For the processed images, new metadata generated from the workflows plus the detailed standardised provenance (using the W3C PROV standard) of the distributed data processing will be gathered with the samples, packaged into selfdescribing Research Objects (ROs) and exported to an external datastore. As several different workflow runs will commonly be needed in order to generate different kinds of specimen metadata, the SDR will ingest previously processed ROs and/or retain a temporary collection of specimen ROs depending on the protocol.

The SDR will retain a ledger logging all specimen identifiers (specimens are uniquely identified) alongside details of ROs, to provide a full specimen log profile and support analytics to further improve the workflows and their services. The platform will accommodate generic and bespoke programming languages and modules as well as Common Workflow Language as the means of linking bespoke and standardised services and tools. The running of workflows on computational infrastructures will leverage initiatives such as Toil and cwl-tes to aid in the development of high quality data pipelines.
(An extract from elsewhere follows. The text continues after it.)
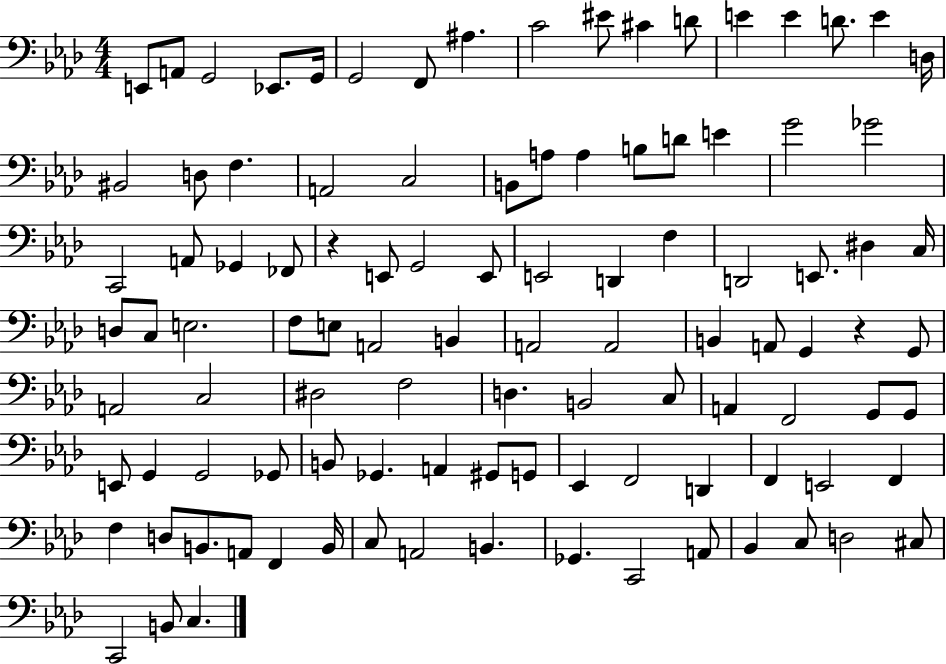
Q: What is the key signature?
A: AES major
All services and workflows will be systematically scrutinised based on existing maturity models, automated monitoring and performance testing to ensure their fitness. The SDR will deploy containerised services on High Performance Computing infrastructures provided by the European Open Science Cloud (EOSC) and the European data infrastructure project (EUDAT). The Refinery working data store will be hosted on EOSC or AWS infrastructure.